Besse decided to search for work and was successful in getting a 3-year contract with Bardey et Compagnie (Bardey & Co.). They were working in the city of Aden as exporters of Yemeni coffee brought from North Yemen. He borrowed a sum of money from his brother-in-law to buy clothes worthy of mild tropical weather and to buy a ticket to Aden, because he was penniless. He took a ship from the port of Marseille bound for Aden, in April 1899.
Besse worked earnestly and diligently at Bardey & Co., he woke up often at 4.30 AM and worked continuously until 6 PM, learning everything to be learned about the Yemeni coffee trade, and becoming a professional in this area.
In 1902 and after the end of his contract with Bardey & Co., he travelled to the city of Hodeida and founded his own trade with capital borrowed from his brother-in-law. Later that year he closed down that business and went back to France. In France, negotiations were successful to obtain a large loan from a bank, that enabled him to establish his work in Aden and pay all his debts. He brought with him his brother Emile to Aden to help manage the work founded in Hodeidah. By 1904, Besse found himself struggling to pay the financial dues to the bank. His brother-in-law – with the assistance of a lawyer – managed to settle his debts with the bank and to pay reduced premiums, but before maturity.

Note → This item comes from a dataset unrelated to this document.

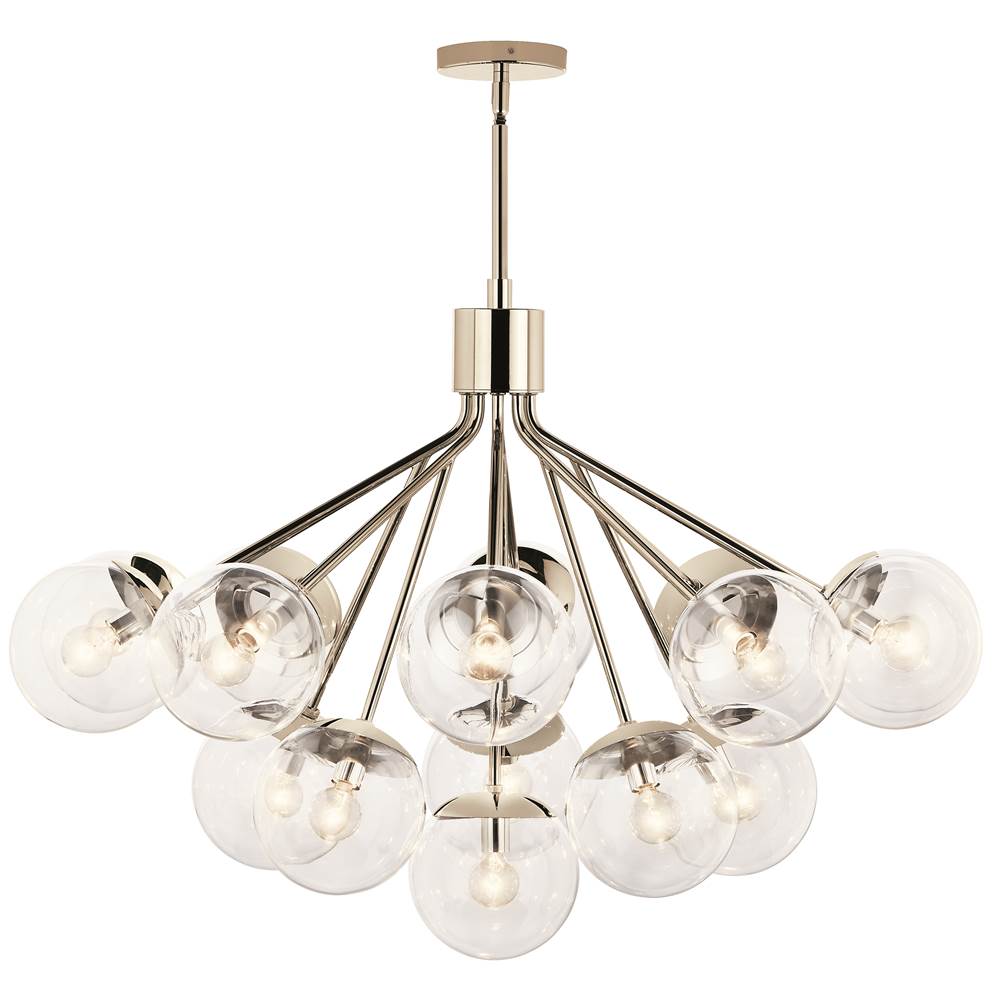 Kichler Lighting 52702PNCLR Polished Nickel Silvarious 38 Inch 16 Light Convertible Chandelier With Clear Glass In Polished Nickel Image 7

When he returned to France early in 1907 he met Miss Marguerite Hortense Eulailie Godefroid by chance on a train. They continued to correspond for a year, then married in April 1908. Margaret belonged to a wealthy aristocratic family and brought much luck to Antonin. She also invested in his business and became a partner. The sales of coffee increased seven times in the first year of operation, and after the outbreak of World War I it reached two thousand times.

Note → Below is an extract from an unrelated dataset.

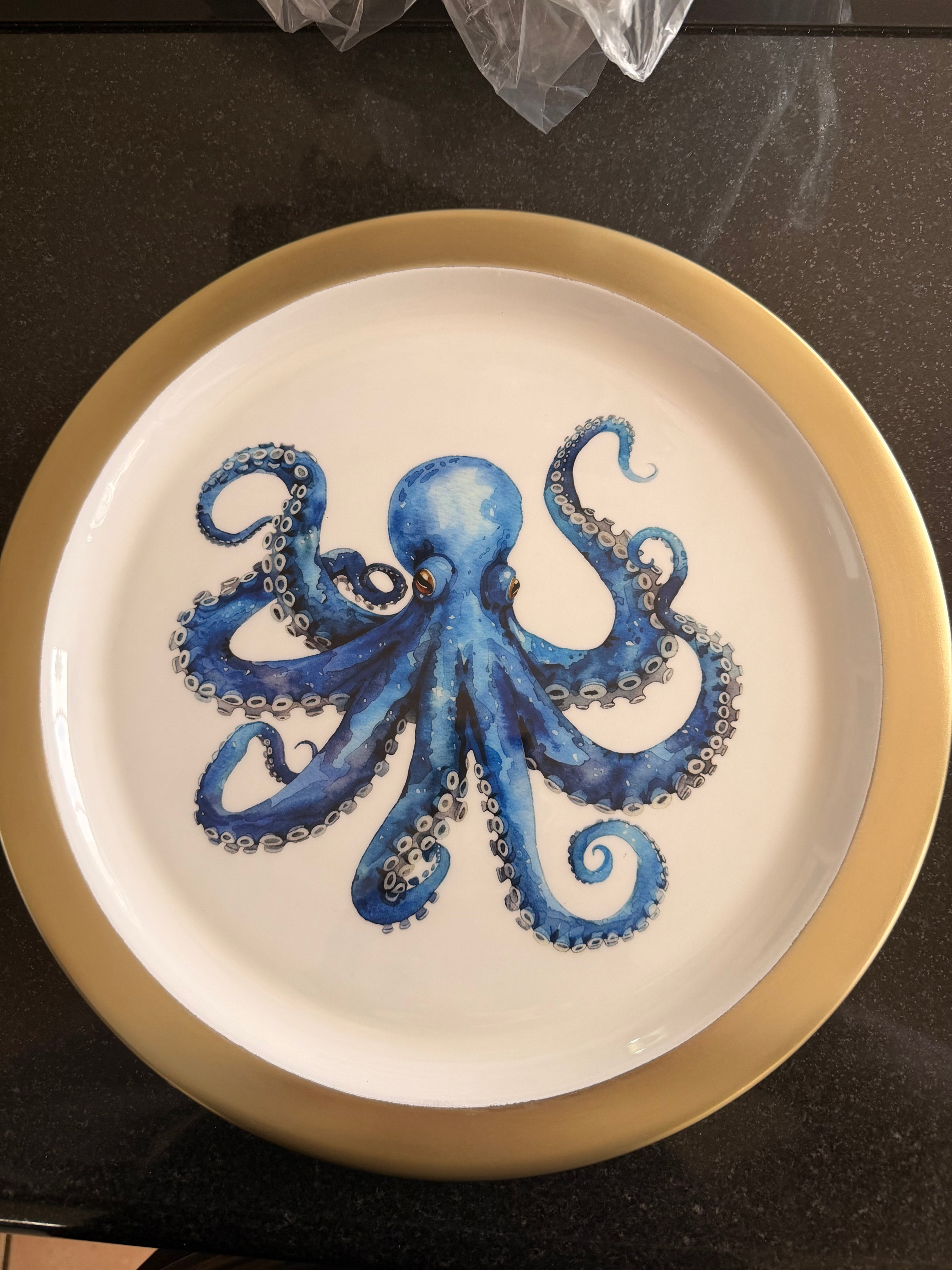 CHARGER PLATE OCTOPUS SET OF 4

His marriage to Margaret ended in divorce. In 1922, Florence Hilda Crowther became his second wife and soul-mate until his death. She gave birth to his two sons : Peter and Antonin, and three daughters, Ariane, Joy and Monna. The second son (Antonin) was entrusted by his father before his death with the business (after 1951) and excelled in is development. Antonin Besse II is a patron and honorary vice-president of the United World Colleges.

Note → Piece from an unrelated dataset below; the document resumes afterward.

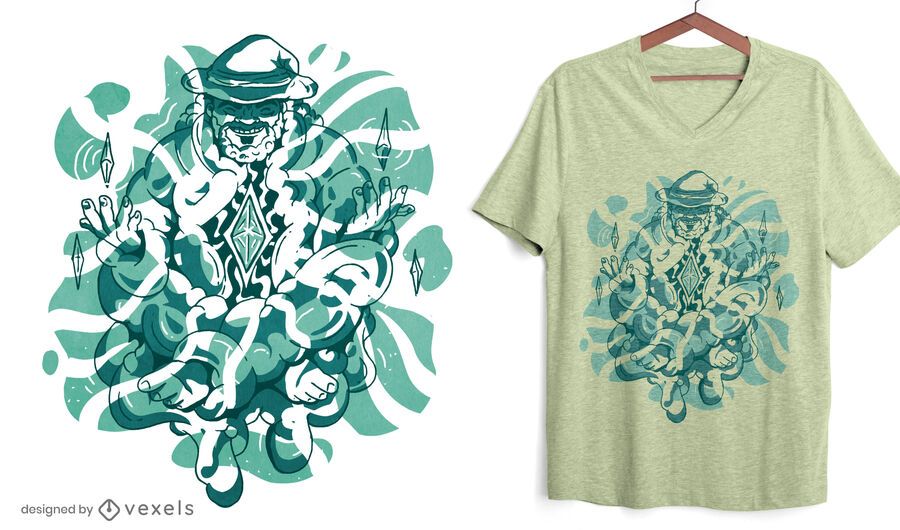 Meditating wizard t-shirt design Meditating wizard t-shirt design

Sir Antonin Besse founded St Antony's College, Oxford in 1950 and endowed a number of other Oxford colleges. He also made some gifts to the British Museum and was later knighted by the British Government with dispensation from Charles de Gaulle.
Business legacy in Aden
Besse built the headquarters of his company in Aidrus Road, Crater, the building continued to be the centre of operations until his death in 1951. The ground floor of the building consisted of warehouses and stores, the second floor consisted of offices, staff rooms and rest rooms, and on the third floor a luxury apartment acted as his residence. Later, he built a distinctive and unique villa on top of Ras Marshag, Crater. The villa became a private residence of the leader who rules Yemen.
The year 1934 saw the launch of the his first projects, a soap factory in Crater, but he had transferred the factory in following year to Mualla, where he upgraded the factory machines further. In 1937 another factory was built next to the soap factory for the production of coconut oil and a third plant for the production of glycerin. He was also active in the shipbuilding and he was the first in Aden to install a diesel engine on local sailing ships (Dhows) in 1936.
When Besse traveled to Mukalla on a sailing ship, the journey was slow and uncomfortable, prompting him to establish in 1936 an airline company with a capital of five thousand pounds, dubbed Arabian Airways, the fleet consisted of two small planes, each with a capacity of four seats. His idea was to connect the port city of Aden and Hadhramaut region, but one of the planes crashed after one year of operation and replaced by another, then the second plane crashed at the Tarim airport in 1938, due to losses incurred he decided to close the company the following year in 1939.
His company – called A. Besse & Co. (Aden) Ltd – was agent of many insurance, airlines and shipping companies. He also managed to get an agency of the Dutch company Royal Dutch Shell, a business that brought fortune to his trading empire.
Sir Antonin Besse suffered a stroke in the summer of 1948 and, three years later, died in Gordonstoun on July 2, 1951 aged 74. By then he had entrusted his son Antonin Besse II to manage his expansive trading empire. He developed his father's business intelligently until the independence of South Yemen in 1967 and the enforcement of the Nationalization Act.